Thursday 13 October 2011

Roll Up, Roll Up, Everyones A Loser

Connie, lived in an aged care facility where I worked some 20 years ago. She told me that when she was a young woman she gave birth whilst not married. The authorities sent her to a mental institution after removing her child. She was then given electric shock treatment and a lobotomy. At the time, British society frowned on pregnancies 'out of wedlock'.

Connie never really recovered from the trauma of what they did to her in the institution and never ever recovered from having her baby taken from her. She felt many things from these punitive acts, the main thing was a deep and terrible sense of loss.

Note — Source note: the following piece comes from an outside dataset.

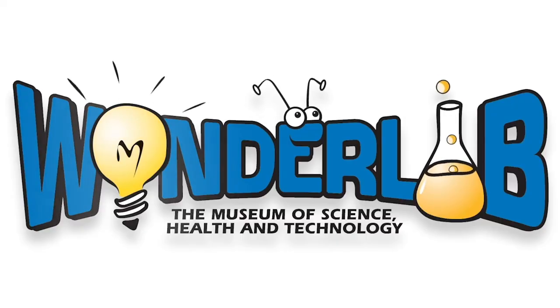My name is Sarah Lynn Wells and I'm a museum educator at Wonder Lab Museum. Today I'm going to show you an activity that you can do at home with just a couple of items to experiment with sound waves.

Loss pervaded the forced removal of children from their mother. Loss was there for the fathers of those children. Loss was at the front and centre of the child that was removed and loss was the basis for the adoptive parents start to their new role. The loss associated with adoptive parents is that they are often not able to give birth for physical/psychological reasons. That, coming to terms with that situation is rarely effectively dealt with prior to adopting a child. This then often leads to significant issues over and above the issues that the adoptee is facing.

Some of those involved have not been in position to grieve and others, are not in a position to end their grieving. This is one of the few commonalities that affect all those in these past practices.

What have they lost. The most obvious thing is the mother child attachment. The associated feeling has been described as ripping and tearing of the child from the mother. These children are now adults, many of whom are damaged and sad, again much like their mothers who gave birth to them.

That loss of attachment is only part of the story. Other aspects involve the way that these adoptees found out about the fact they were adopted and when. Other damage was caused by the way they were parented, with different parenting issues to 'natural families'. Some were abused, others were treated like 2nd class people. Unsurprisingly many adoptees feel they are invisible and without a voice.

The result of these unresolved traumas has been an experience of being re-traumatised because of the inability to 'get to grips' with the facts for many years.

It is a difficult thing to try and put the genie back in the bottle and the same is true of the attempted reunion of birth mother and separated offspring. The understandable motivation, from both mother and offspring is to reconnect this is often just too hard for a multitude of reasons.

Crisis of identity is a common aspect of the child and adult adoptee, as suggested in my previous blogs.

Everyone involved in the forced adoption process has a sense of loss.There are no winners only losers.